He ranges somewhere around 60 lbs depending on conditioning. He is much stockier than the couple of purebred pits I know personally, but they are all females and I don't have enough experience of the breed in person to know the range. If they the other breed I own, there might be a wide variety (though I think the inconsistency of working line spaniels is potentially unusual and not as common in other breeds....working line spaniels don't conform to show standards even a little).


----------



## EckoMac (Aug 25, 2010)

I believe when you register limited they don't want a pedigree so you should be fine. There are also other clubs to go through that don't have specific breeds. Just make sure you have hip, knee, and elbow x-rays done and the vet clears for pulling.


----------



## 2DogTrix (May 27, 2016)

EckoMac said:


> I believe when you register limited they don't want a pedigree so you should be fine.
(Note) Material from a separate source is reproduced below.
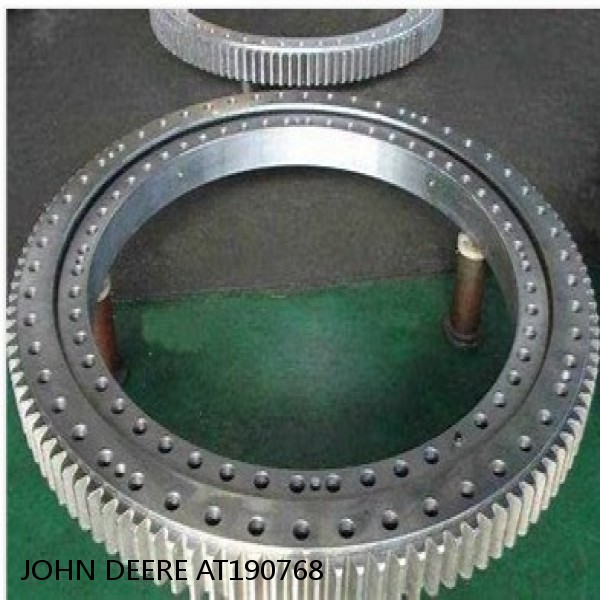 AT190768 JOHN DEERE SLEWING RING for 653E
There are also other clubs to go through that don't have specific breeds. Just make sure you have hip, knee, and elbow x-rays done and the vet clears for pulling.


Ya, they don't need a pedigree, but they do have to pass a visual inspection. So if you think he can pass for one, then we can do that. It just gives us one more avenue for competition.

We have a vet and PT vet that have checked him out and he is approved to pull though he is still pulling very small amounts at the moment which is fine by me. We can take it slow.


----------